» Task item
Only the lines below from the one containing "Welcome to the" to the one containing "In this video, we're" should be repeated, both included and unchanged.

» Data in this exercise
--*--
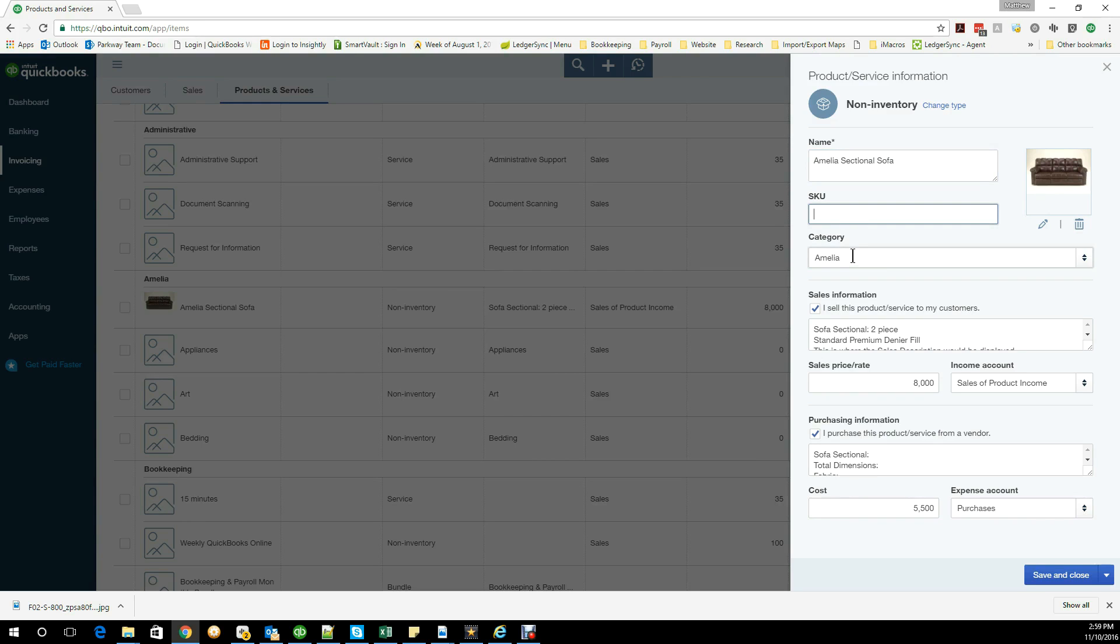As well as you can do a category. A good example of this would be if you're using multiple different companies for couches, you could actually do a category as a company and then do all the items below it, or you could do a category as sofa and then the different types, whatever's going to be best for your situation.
--*--
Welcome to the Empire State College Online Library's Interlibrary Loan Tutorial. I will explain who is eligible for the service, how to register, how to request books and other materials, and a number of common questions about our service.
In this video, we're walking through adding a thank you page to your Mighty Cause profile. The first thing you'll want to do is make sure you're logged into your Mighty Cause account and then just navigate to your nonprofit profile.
--*--
» Your response
Welcome to the Empire State College Online Library's Interlibrary Loan Tutorial. I will explain who is eligible for the service, how to register, how to request books and other materials, and a number of common questions about our service.
In this video, we're walking through adding a thank you page to your Mighty Cause profile. The first thing you'll want to do is make sure you're logged into your Mighty Cause account and then just navigate to your nonprofit profile.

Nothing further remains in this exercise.